**YOUR ASSIGNMENT**
Transcribe, word for word and without additions, each line below from the one containing "Natural Stone Rosary" through the one containing "Pre-owned Sp5der Web Hoodie 'brown'", both ends included.

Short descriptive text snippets
━━━━━━

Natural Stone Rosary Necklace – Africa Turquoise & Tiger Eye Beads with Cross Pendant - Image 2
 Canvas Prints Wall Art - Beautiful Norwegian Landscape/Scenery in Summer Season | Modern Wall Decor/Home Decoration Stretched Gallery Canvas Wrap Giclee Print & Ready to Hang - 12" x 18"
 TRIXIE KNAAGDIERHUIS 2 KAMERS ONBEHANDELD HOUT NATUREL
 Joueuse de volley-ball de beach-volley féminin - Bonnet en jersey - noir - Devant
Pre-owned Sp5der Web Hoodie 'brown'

━━━━━━

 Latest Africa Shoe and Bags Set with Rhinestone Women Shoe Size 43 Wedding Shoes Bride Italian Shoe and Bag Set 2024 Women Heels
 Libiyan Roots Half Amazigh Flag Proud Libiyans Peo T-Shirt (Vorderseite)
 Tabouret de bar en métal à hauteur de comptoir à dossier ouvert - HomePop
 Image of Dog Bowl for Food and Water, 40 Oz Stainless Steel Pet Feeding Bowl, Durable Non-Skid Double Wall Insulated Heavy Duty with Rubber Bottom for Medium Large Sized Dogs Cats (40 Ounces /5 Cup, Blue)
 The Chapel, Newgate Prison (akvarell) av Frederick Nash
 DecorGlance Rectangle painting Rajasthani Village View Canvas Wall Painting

━━━━━━

**ANSWER TO THE PROBLEM**
Natural Stone Rosary Necklace – Africa Turquoise & Tiger Eye Beads with Cross Pendant - Image 2
 Canvas Prints Wall Art - Beautiful Norwegian Landscape/Scenery in Summer Season | Modern Wall Decor/Home Decoration Stretched Gallery Canvas Wrap Giclee Print & Ready to Hang - 12" x 18"
 TRIXIE KNAAGDIERHUIS 2 KAMERS ONBEHANDELD HOUT NATUREL
 Joueuse de volley-ball de beach-volley féminin - Bonnet en jersey - noir - Devant
Pre-owned Sp5der Web Hoodie 'brown'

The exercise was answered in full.